Copy exactly the lines of the material below, starting with the first and including the line that holds "Paisaje de montañas".

——

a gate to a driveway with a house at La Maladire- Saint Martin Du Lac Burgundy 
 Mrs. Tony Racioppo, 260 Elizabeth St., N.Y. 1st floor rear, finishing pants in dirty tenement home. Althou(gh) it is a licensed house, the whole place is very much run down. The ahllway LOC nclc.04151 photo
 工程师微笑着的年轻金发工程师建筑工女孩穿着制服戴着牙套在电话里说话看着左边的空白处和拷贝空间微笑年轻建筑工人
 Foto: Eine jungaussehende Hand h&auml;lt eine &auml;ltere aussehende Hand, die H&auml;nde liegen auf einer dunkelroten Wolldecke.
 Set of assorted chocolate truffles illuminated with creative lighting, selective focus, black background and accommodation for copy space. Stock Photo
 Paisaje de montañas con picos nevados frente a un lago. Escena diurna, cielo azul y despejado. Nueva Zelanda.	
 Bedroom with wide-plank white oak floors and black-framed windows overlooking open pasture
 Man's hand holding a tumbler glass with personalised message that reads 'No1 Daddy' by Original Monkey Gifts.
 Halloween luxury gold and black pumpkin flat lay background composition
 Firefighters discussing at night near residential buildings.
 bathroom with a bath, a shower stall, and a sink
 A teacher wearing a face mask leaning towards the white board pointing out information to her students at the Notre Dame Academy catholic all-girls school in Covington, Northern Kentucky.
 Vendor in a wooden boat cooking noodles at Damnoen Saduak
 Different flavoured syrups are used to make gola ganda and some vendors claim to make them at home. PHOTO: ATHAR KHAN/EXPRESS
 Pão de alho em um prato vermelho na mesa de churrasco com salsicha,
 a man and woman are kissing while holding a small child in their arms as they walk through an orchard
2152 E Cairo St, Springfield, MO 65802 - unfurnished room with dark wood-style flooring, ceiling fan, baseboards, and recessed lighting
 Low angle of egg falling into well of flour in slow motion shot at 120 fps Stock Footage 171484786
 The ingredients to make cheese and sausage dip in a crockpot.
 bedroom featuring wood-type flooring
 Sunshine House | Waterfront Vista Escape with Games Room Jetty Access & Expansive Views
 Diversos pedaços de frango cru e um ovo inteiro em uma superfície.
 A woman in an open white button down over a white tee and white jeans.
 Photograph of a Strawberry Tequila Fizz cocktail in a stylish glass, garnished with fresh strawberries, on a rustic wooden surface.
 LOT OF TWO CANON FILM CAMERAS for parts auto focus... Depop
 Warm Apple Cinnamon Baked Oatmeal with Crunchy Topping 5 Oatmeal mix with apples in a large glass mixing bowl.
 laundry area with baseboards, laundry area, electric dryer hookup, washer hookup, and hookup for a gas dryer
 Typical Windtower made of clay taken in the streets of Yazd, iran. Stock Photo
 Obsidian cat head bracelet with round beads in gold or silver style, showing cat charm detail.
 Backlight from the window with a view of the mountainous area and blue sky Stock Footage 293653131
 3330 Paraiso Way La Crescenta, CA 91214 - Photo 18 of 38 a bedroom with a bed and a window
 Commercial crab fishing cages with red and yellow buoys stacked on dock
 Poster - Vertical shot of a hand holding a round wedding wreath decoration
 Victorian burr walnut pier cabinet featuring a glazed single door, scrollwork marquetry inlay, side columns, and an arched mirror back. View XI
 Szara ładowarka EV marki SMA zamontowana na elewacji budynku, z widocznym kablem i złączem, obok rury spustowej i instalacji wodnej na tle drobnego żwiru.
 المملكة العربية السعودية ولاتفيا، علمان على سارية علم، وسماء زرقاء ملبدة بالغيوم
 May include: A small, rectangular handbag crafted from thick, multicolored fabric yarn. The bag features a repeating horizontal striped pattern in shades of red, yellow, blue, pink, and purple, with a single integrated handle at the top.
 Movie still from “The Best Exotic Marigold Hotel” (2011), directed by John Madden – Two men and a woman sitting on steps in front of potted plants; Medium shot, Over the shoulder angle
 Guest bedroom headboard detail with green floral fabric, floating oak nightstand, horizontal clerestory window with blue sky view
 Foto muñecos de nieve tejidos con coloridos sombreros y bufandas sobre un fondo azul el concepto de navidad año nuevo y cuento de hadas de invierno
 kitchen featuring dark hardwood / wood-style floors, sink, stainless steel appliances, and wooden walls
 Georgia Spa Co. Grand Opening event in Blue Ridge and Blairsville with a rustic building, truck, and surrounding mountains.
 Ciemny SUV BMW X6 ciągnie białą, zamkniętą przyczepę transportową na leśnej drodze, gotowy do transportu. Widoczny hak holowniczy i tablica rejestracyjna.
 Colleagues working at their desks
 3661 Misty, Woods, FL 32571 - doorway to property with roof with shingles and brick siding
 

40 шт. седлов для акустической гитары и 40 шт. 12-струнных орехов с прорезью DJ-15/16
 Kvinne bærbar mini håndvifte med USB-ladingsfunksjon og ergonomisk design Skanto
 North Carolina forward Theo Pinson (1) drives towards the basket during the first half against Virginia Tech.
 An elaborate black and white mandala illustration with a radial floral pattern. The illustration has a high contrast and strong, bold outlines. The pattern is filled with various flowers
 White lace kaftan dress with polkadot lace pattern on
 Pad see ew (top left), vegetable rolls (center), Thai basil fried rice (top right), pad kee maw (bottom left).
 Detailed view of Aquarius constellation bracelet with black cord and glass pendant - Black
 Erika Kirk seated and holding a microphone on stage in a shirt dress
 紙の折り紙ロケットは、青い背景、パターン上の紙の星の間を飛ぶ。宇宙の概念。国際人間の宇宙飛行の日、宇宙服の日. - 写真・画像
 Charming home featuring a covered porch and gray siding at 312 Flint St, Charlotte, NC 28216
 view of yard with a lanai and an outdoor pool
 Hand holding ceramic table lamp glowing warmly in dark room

——

_Solution_
a gate to a driveway with a house at La Maladire- Saint Martin Du Lac Burgundy 
 Mrs. Tony Racioppo, 260 Elizabeth St., N.Y. 1st floor rear, finishing pants in dirty tenement home. Althou(gh) it is a licensed house, the whole place is very much run down. The ahllway LOC nclc.04151 photo
 工程师微笑着的年轻金发工程师建筑工女孩穿着制服戴着牙套在电话里说话看着左边的空白处和拷贝空间微笑年轻建筑工人
 Foto: Eine jungaussehende Hand h&auml;lt eine &auml;ltere aussehende Hand, die H&auml;nde liegen auf einer dunkelroten Wolldecke.
 Set of assorted chocolate truffles illuminated with creative lighting, selective focus, black background and accommodation for copy space. Stock Photo
 Paisaje de montañas con picos nevados frente a un lago. Escena diurna, cielo azul y despejado. Nueva Zelanda.	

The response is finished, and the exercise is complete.